Start of EXERCISE MATERIAL

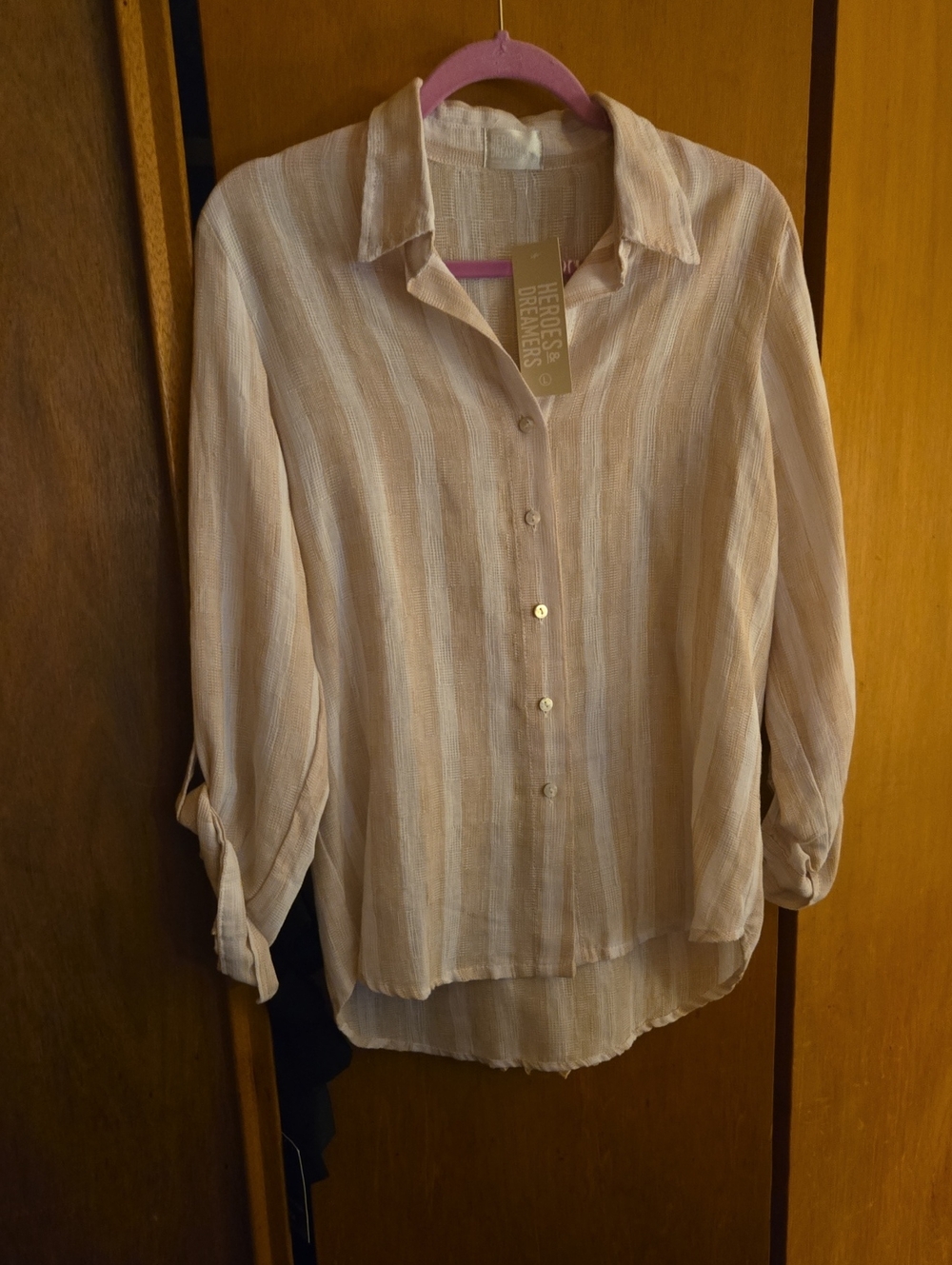 Relaxed Light Pink Stripe Button-Down Shirt With Travel Destinations On Back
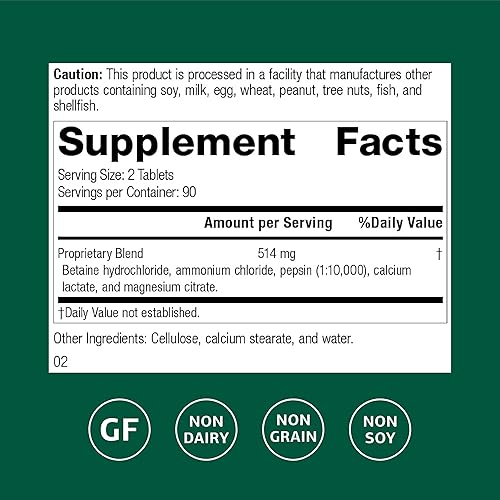 Miniatura 2 de Clorhidrato de betaína de proceso estándar, suplemento para apoyo del pH gastrointestinal, apoya la salud digestiva y la absorción de hierro, sin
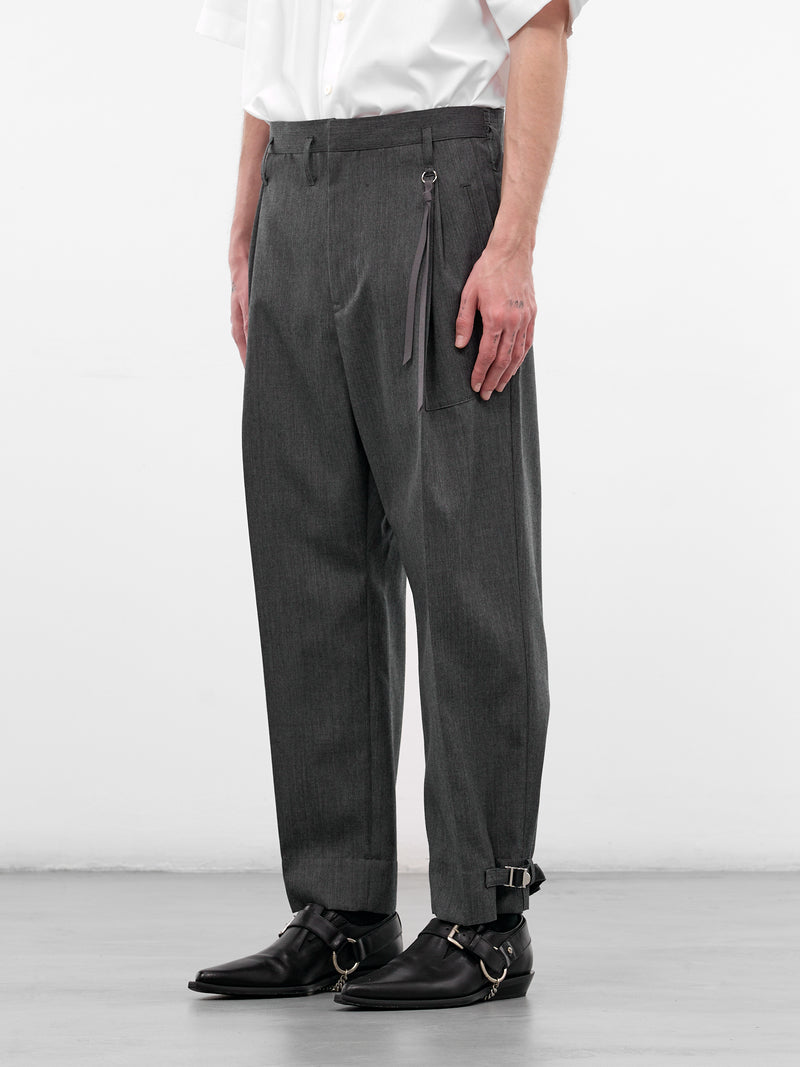 Wool Pleated Cinched Cuffs Trousers (26S0317-GRAY)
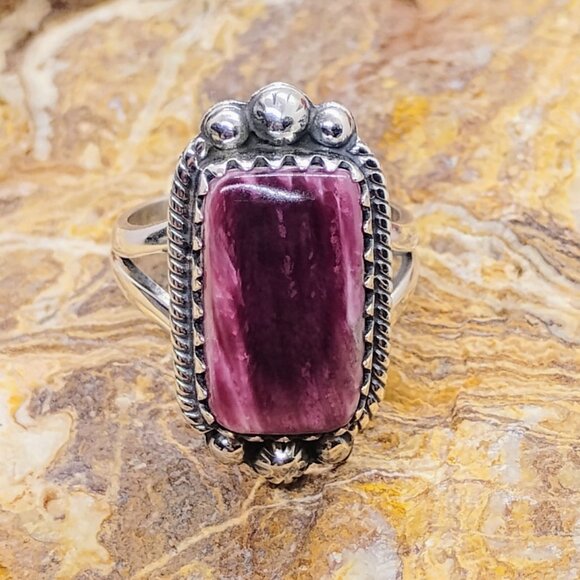 Southwest Purple Spiny Oyster Shell Sterling Silver Ring Size 6 Rectangle Stone - Picture 1 of 8
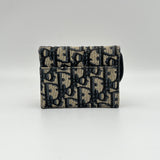 Saddle Navy Wallet in Jacquard, Gold hardware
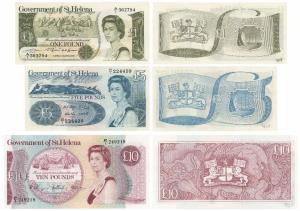 St. Helena, 1, 5 and 10 Pounds. Uncirculated. (3)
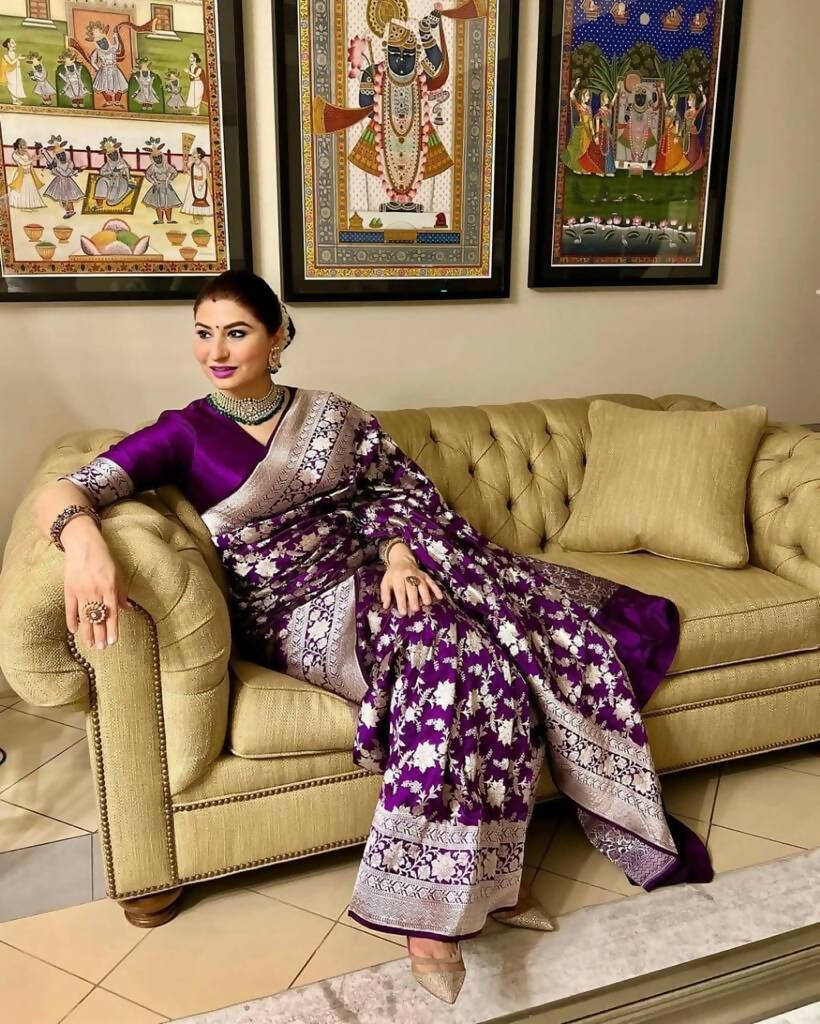 DEIANA'S Beautiful Designer Golden zari Soft Lichi Silk Saree - Wine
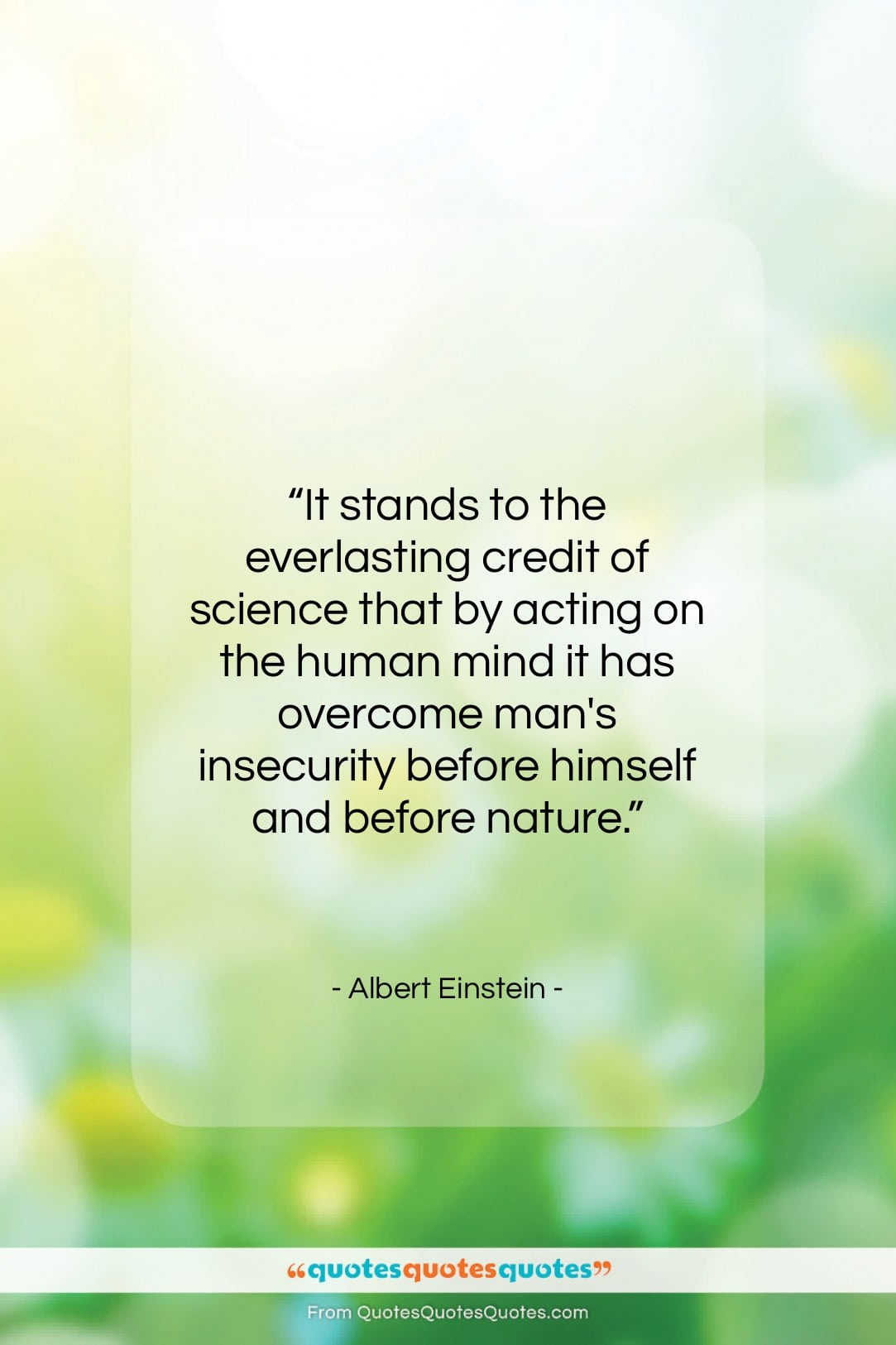 Albert Einstein quote: “It stands to the everlasting credit of…”- at QuotesQuotesQuotes.com
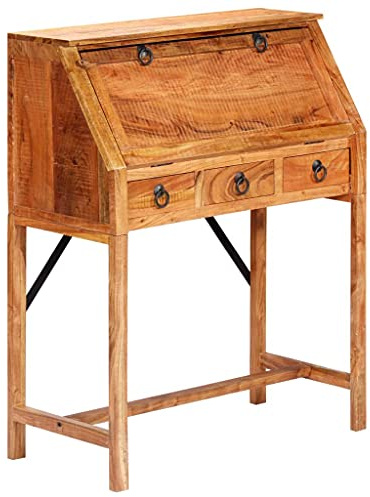 Hoopleep Schreibtisch 90x40x107 cm Massivholz Akazie, Vintage Sekretär mit ausziehbarer Schreibplatte, 4 Schubladen, Bücherregal, fertig montiert, Home Office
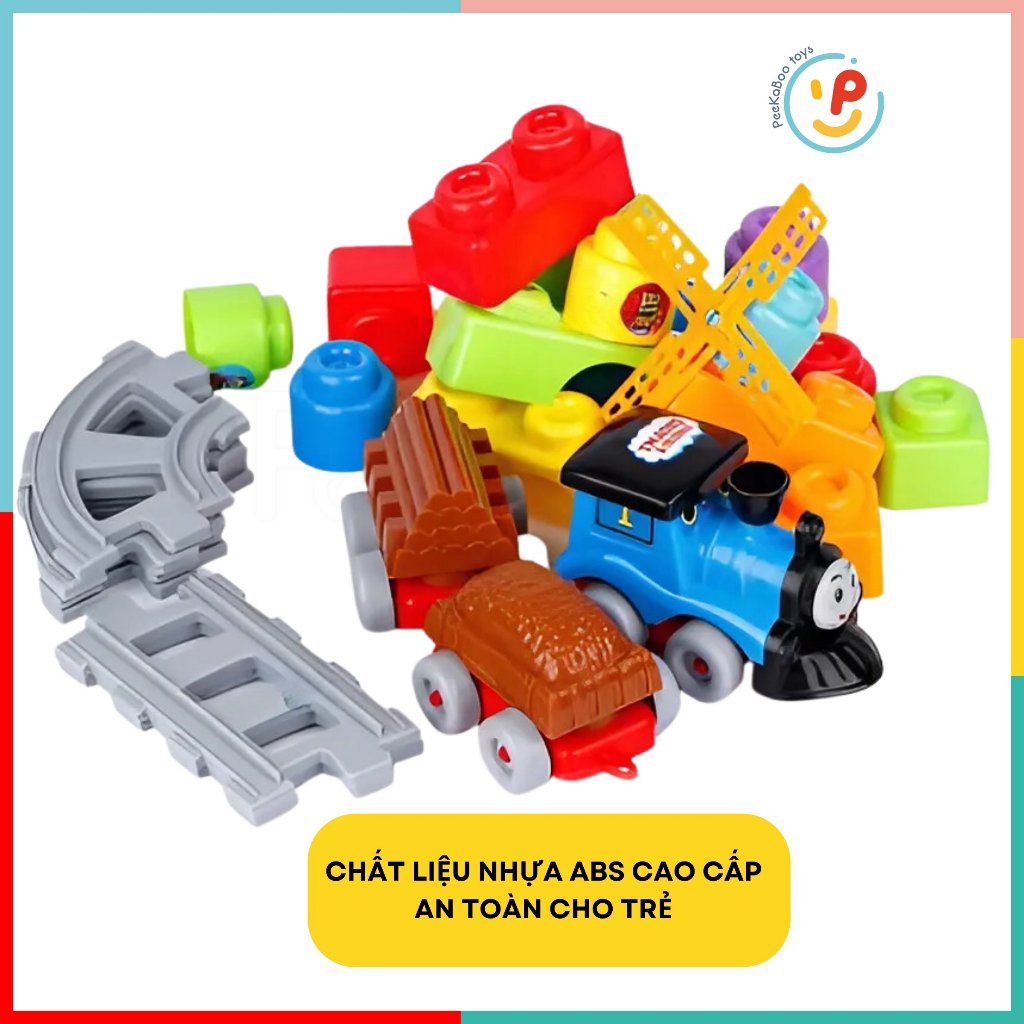 Túi ráp xếp hình khối sáng tạo - Mô hình đoàn tàu và xe ô tô - Đồ chơi phát triển tư duy 899-1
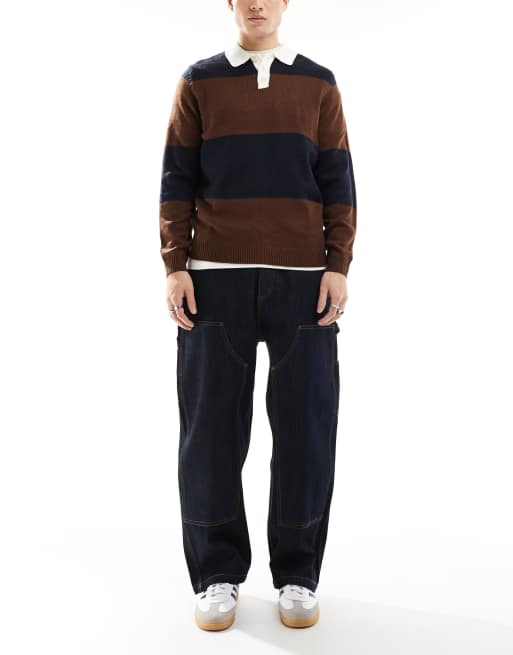 Pull&Bear - Jeans met wijde pijpen in denimblauw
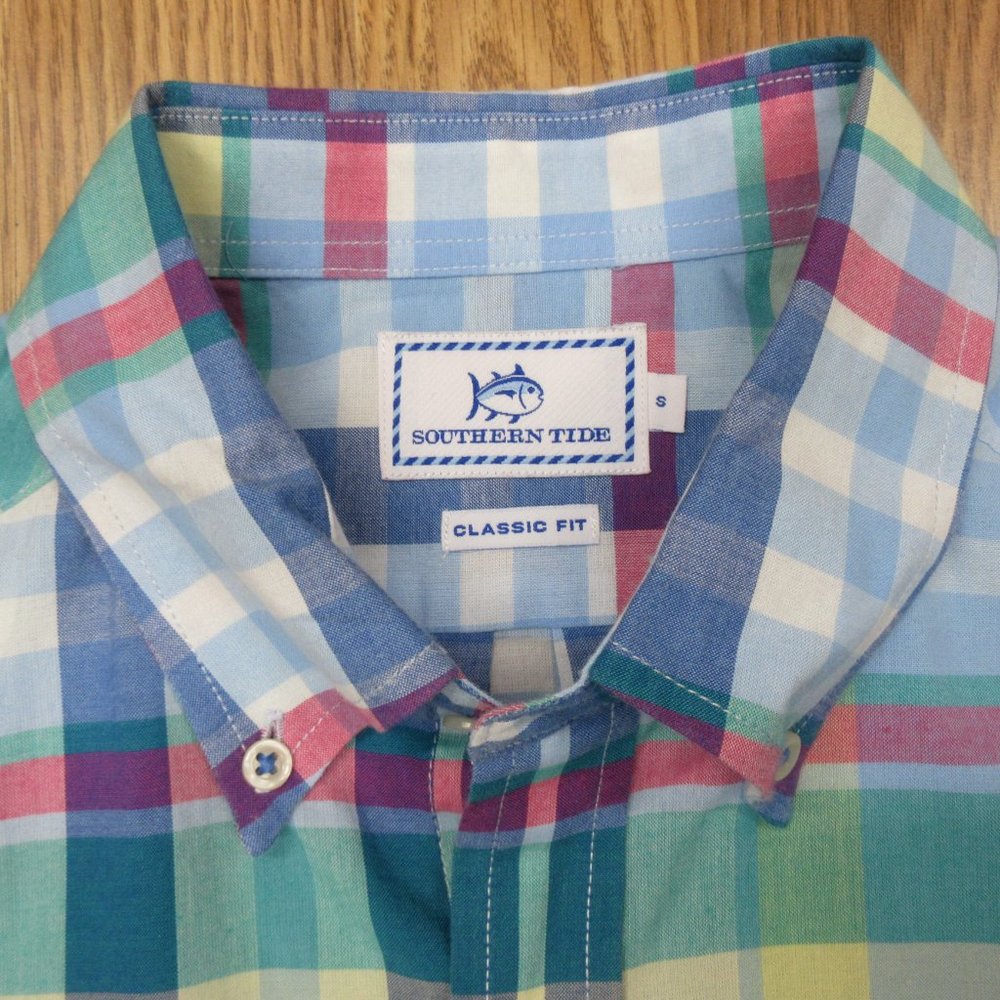 SOUTHERN TIDE CLASSIC FIT 100% COTTON SHIRT BLUE PLAID SMALL, S - Picture 3 of 4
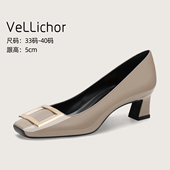 浅口气质单鞋 2025年秋季 复古方扣方头裸灰色高跟鞋 粗跟鞋 新款 法式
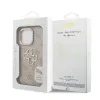 Husă spate Guess PU 4G cu logo metalic și cadru pentru cameră, roz, pentru iPhone 15 Pro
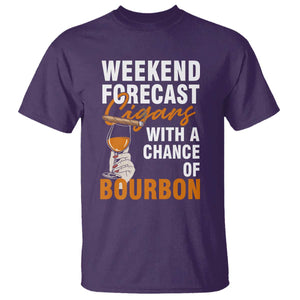 Weekend Forecast Cigars And Bourbon T Shirt Gift For Women TS12 Purple Print Your Wear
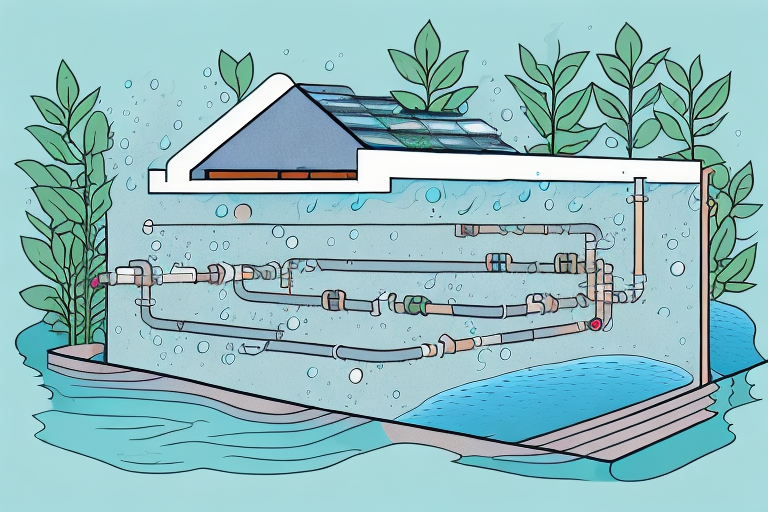 A rainwater harvesting system connected to an aquaponics facility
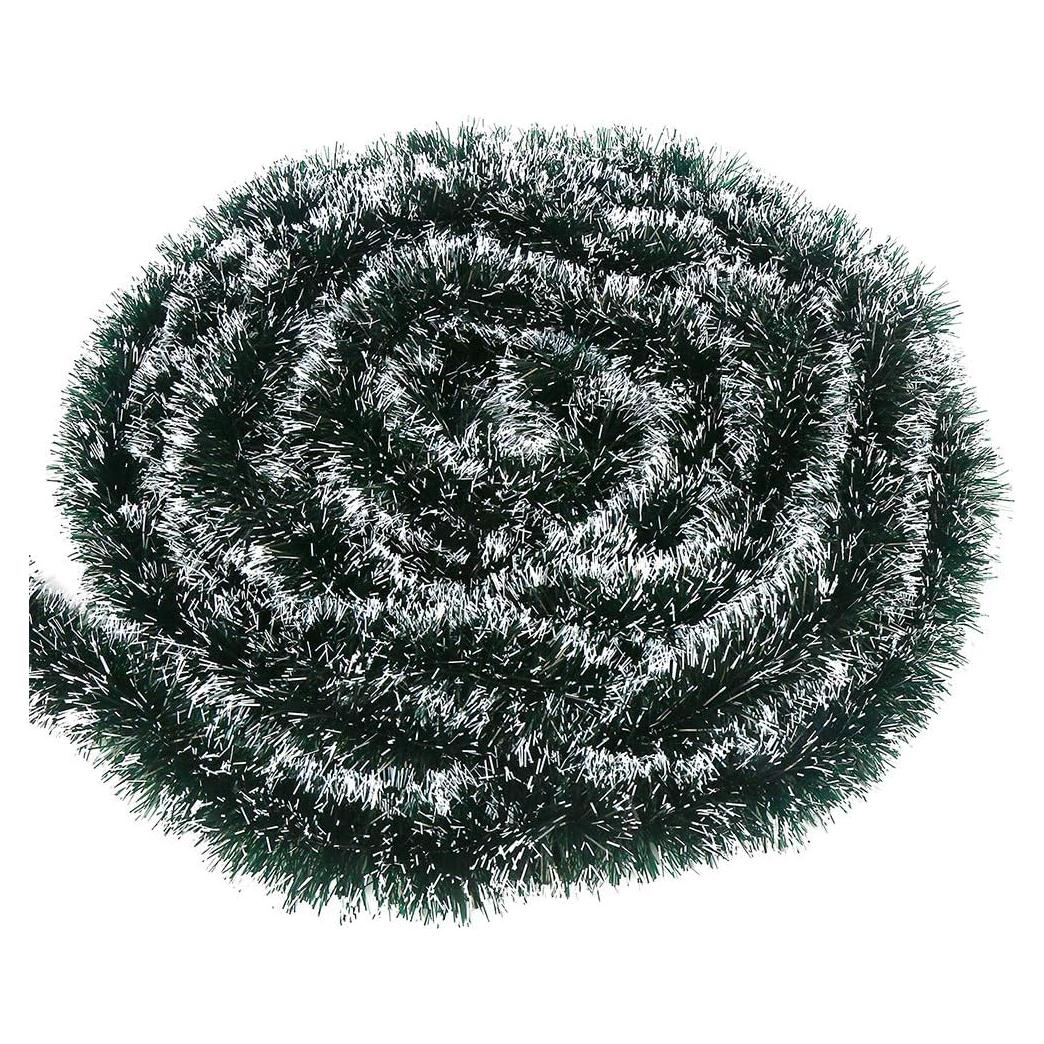 Guirnalda de Navidad CCINEE 10.06m PVC Verde Oscuro con Nieve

End of EXERCISE MATERIAL

In your copy, reproduce the data above exactly and skip every picture.

> **ANSWER SPACE**
 Relaxed Light Pink Stripe Button-Down Shirt With Travel Destinations On Back
 Miniatura 2 de Clorhidrato de betaína de proceso estándar, suplemento para apoyo del pH gastrointestinal, apoya la salud digestiva y la absorción de hierro, sin
 Wool Pleated Cinched Cuffs Trousers (26S0317-GRAY)
 Southwest Purple Spiny Oyster Shell Sterling Silver Ring Size 6 Rectangle Stone - Picture 1 of 8
 Saddle Navy Wallet in Jacquard, Gold hardware
 St. Helena, 1, 5 and 10 Pounds. Uncirculated. (3)
 DEIANA'S Beautiful Designer Golden zari Soft Lichi Silk Saree - Wine
 Albert Einstein quote: “It stands to the everlasting credit of…”- at QuotesQuotesQuotes.com
 Hoopleep Schreibtisch 90x40x107 cm Massivholz Akazie, Vintage Sekretär mit ausziehbarer Schreibplatte, 4 Schubladen, Bücherregal, fertig montiert, Home Office
 Túi ráp xếp hình khối sáng tạo - Mô hình đoàn tàu và xe ô tô - Đồ chơi phát triển tư duy 899-1
 Pull&Bear - Jeans met wijde pijpen in denimblauw
 SOUTHERN TIDE CLASSIC FIT 100% COTTON SHIRT BLUE PLAID SMALL, S - Picture 3 of 4
 浅口气质单鞋 2025年秋季 复古方扣方头裸灰色高跟鞋 粗跟鞋 新款 法式
 Husă spate Guess PU 4G cu logo metalic și cadru pentru cameră, roz, pentru iPhone 15 Pro
 Weekend Forecast Cigars And Bourbon T Shirt Gift For Women TS12 Purple Print Your Wear
 A rainwater harvesting system connected to an aquaponics facility
 Guirnalda de Navidad CCINEE 10.06m PVC Verde Oscuro con Nieve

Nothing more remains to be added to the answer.